Deviance Information Criterion | |
---|---|
Dbar (posterior mean of deviance) | 110.899 |
Dmean (deviance evaluated at posterior mean) | 97.929 |
pD (effective number of parameters) | 12.971 |
DIC (smaller is better) | 123.870 |
In order to examine the convergence diagnostics of some of the random-effects parameters, you can use the MONITOR= option in the RANDOM statement. Then PROC MCMC produces the visual display of the posterior samples. If you forget to include the MONITOR= option in the initial program that you run, you can use TADPlot autocall macro after the fact to regenerate the same display. The TADPlot macro requires you to specify two arguments: an input data set and list of variables that you want to plot. The following statements call the TADPlot macro and generate a diagnostics plot for the random-effects parameter gamma_10, which is also shown in Figure 7:
ods graphics on; %tadplot(data=postout, var=gamma_10); ods graphics off;
Figure 7 indicates good mixing for the random-effects parameter gammma_10. The following statement shows how to create convergence diagnostics for all the random-effects parameters:
ods graphics on; %tadplot(data=postout, var=gamma_:); ods graphics off;
gamma_: is the shorthand for all variables that start with gamma_.
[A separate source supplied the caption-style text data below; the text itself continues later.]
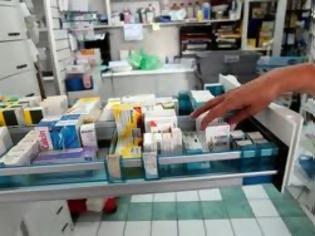 Φωτογραφία για Μειώνονται οι τιμές σε 7.300 φάρμακα από 4 Μαρτίου
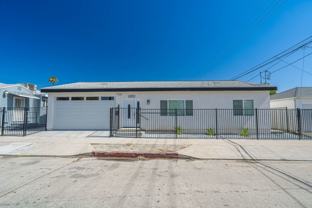 10959 Collins St - Photo 1 of 1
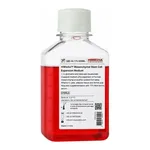Himedia HiMesoXL Mesenchymal Stem Cell Expansion Medium w/ L-Glutamine and Sodium bicarbonate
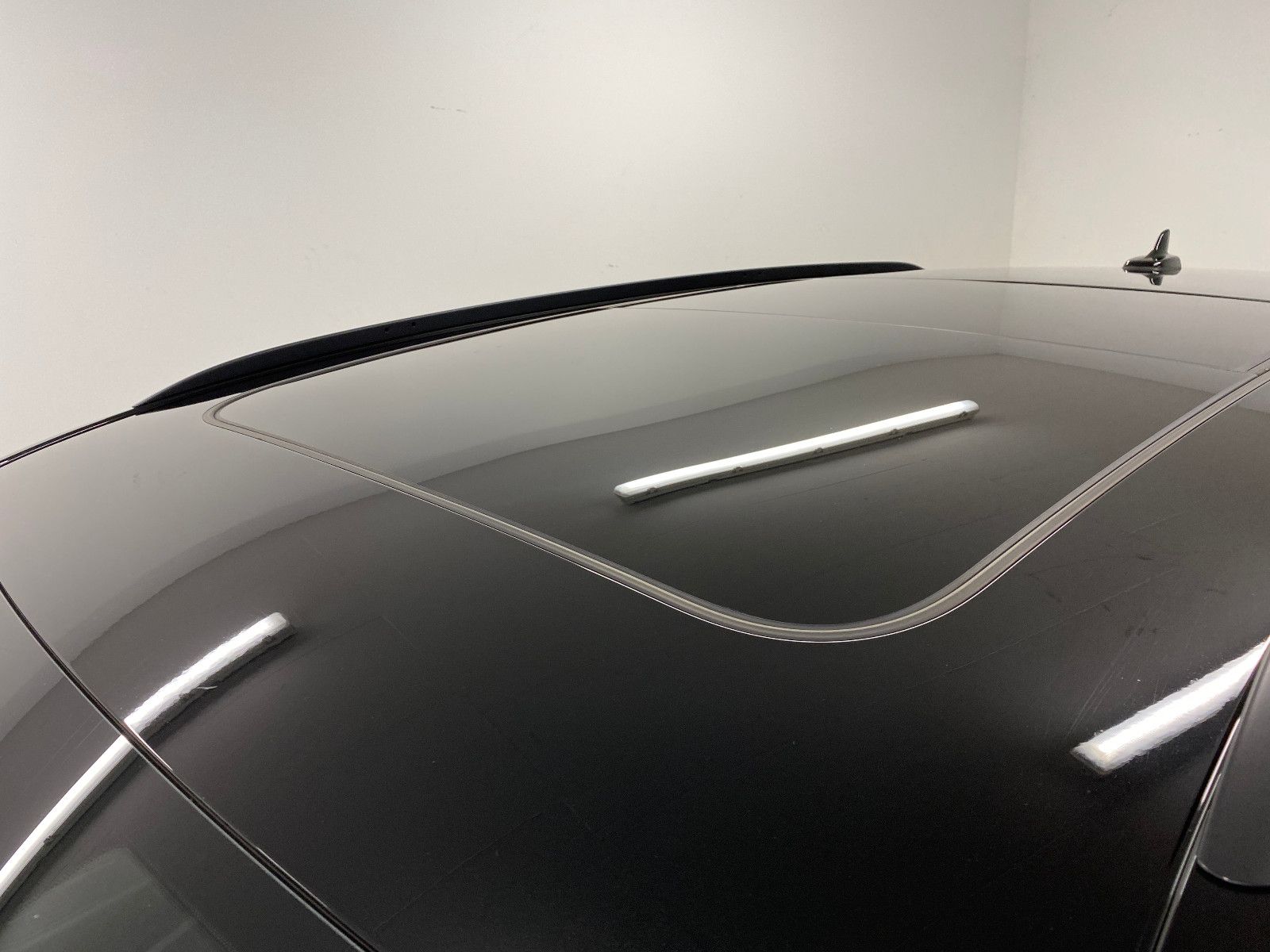 Audi A4 - Bild 16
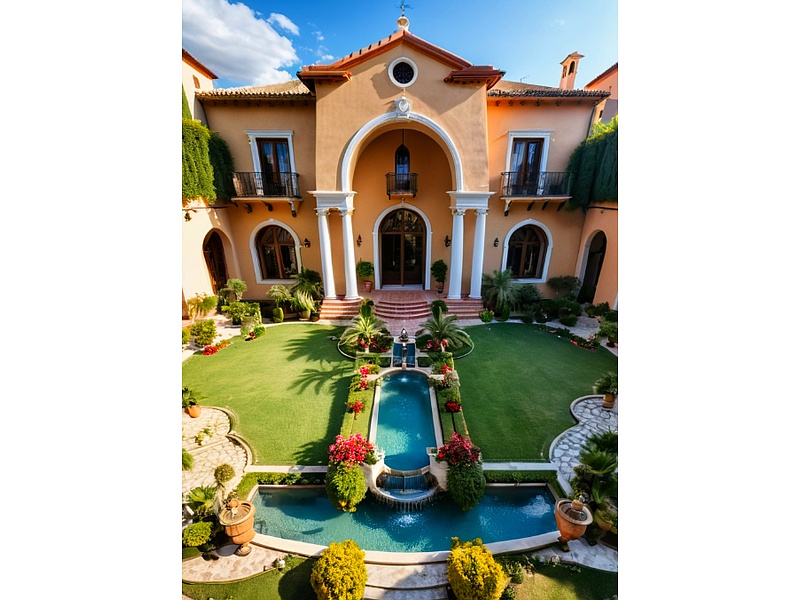 Hogares Exclusivos en Venta Guatemala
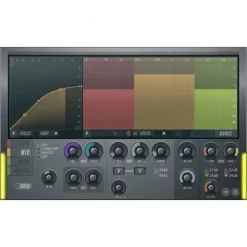 Cheapest 😉 Image Line IL Maximus - Electronic Delivery 👍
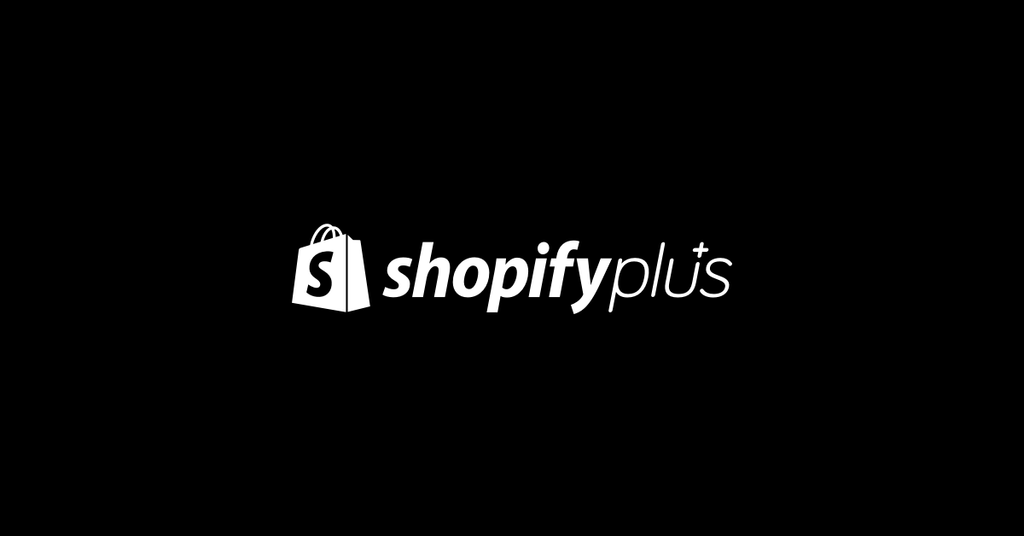 Integration Plus - Most Cost-effective  Shopify app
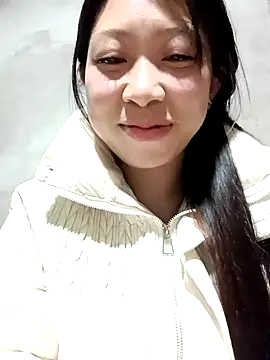 Mayly lucky2 online show from 2, 2, 2026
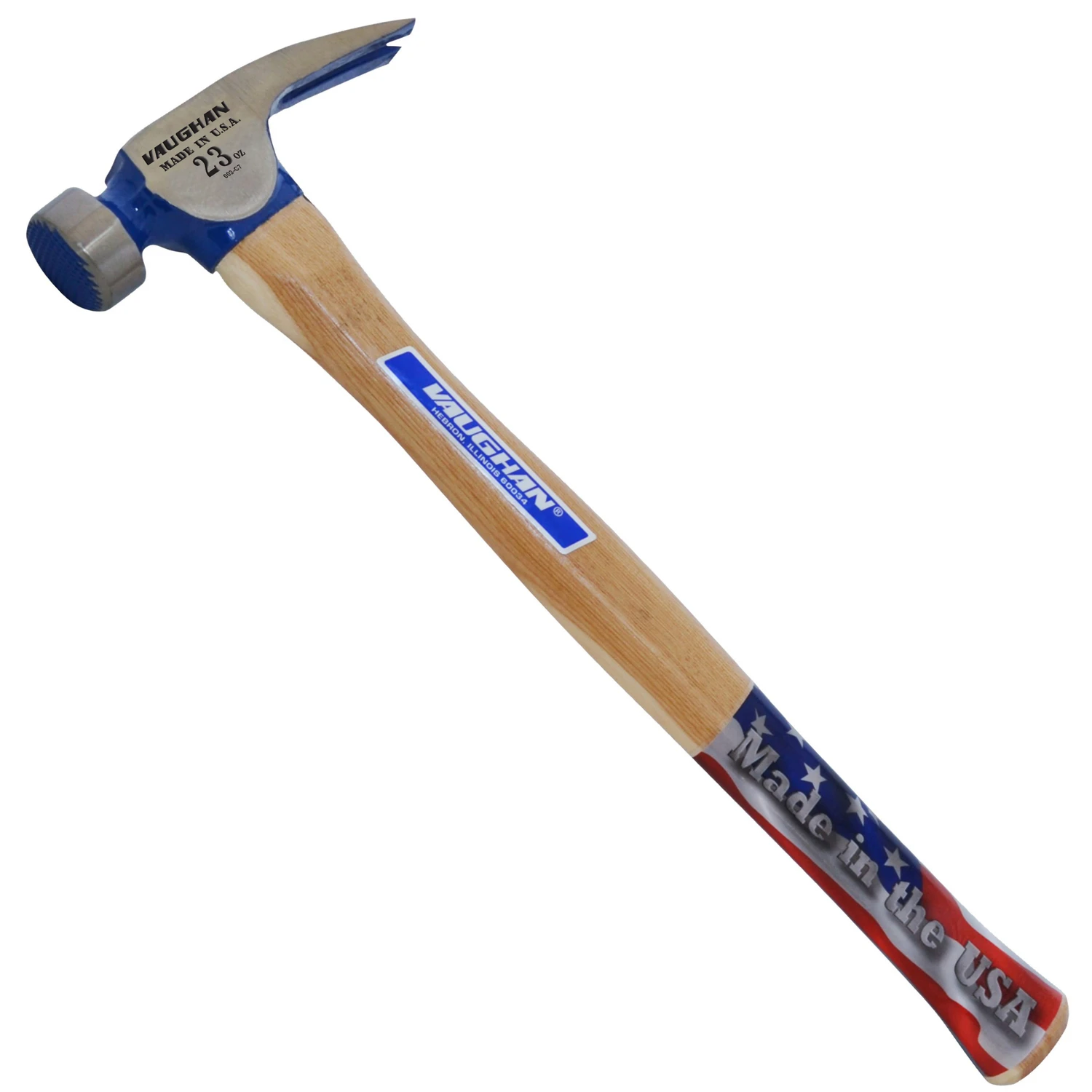 celebrationhardware4528357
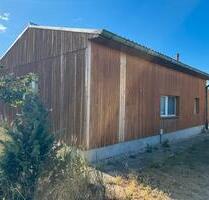 Haus zu verkaufen in Gaditz - 100.000,00&nbsp;EUR Kaufpreis, ca.&nbsp; 2,00&nbsp;m&sup2; in Kemberg (PLZ: 06901)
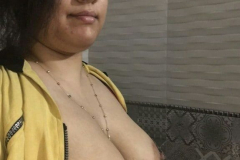 1_WWW.AXSEXYIRANI.COM81029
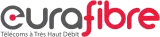 EuraFibre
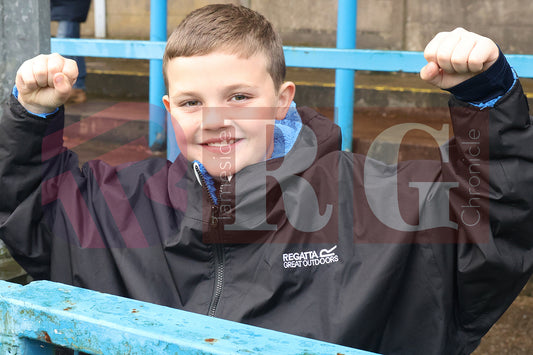 STALYBRIDGE CELTIC LEGENDS V MAN UTD LEGENDS (47).JPG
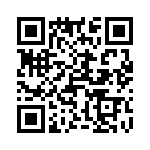 431615-03-0 QRCode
You can also use the CATER autocall macro to create a caterpillar plot of the model parameters. The following statement takes the output from the random-effects analysis and generates a caterpillar plot of all the random effects parameters:
ods graphics on; %CATER(data=postout, var=gamma_:); ods graphics off;
Figure 8 is a caterpillar plot of the random-effects parameters gamma_1–gamma_18. The dots on the caterpillar plots are the posterior mean estimates for each of the parameters, and the vertical line in the middle is the overall mean, which is very close to 0. Varying gamma indicates nonconstant dispersion in the Poisson model.
Breslow, N. E. (1984), “Extra-Poisson Variation in Log-Linear Models,” Applied Statistics, 33, 38–44.
Draper, D. (1996), “Discussion of the Paper by Lee and Nelder,” Journal of the Royal Statistical Society, Series B, 58, 662–663.
Margolin, B. H., Kaplan, N., and Zeiger, E. (1981), “Statistical Analysis of the Ames Salmonella Microsome Test,” Proceedings of the National Academy of Science, 76, 3779–3783.
McCullagh, P. and Nelder, J. A. (1989), Generalized Linear Models, Second Edition, London: Chapman & Hall.
Spiegelhalter, D. J., Best, N. G., Carlin, B. P., and Van der Linde, A. (2002), “Bayesian Measures of Model Complexity and Fit,” Journal of the Royal Statistical Society, Series B, 64(4), 583–616, with discussion.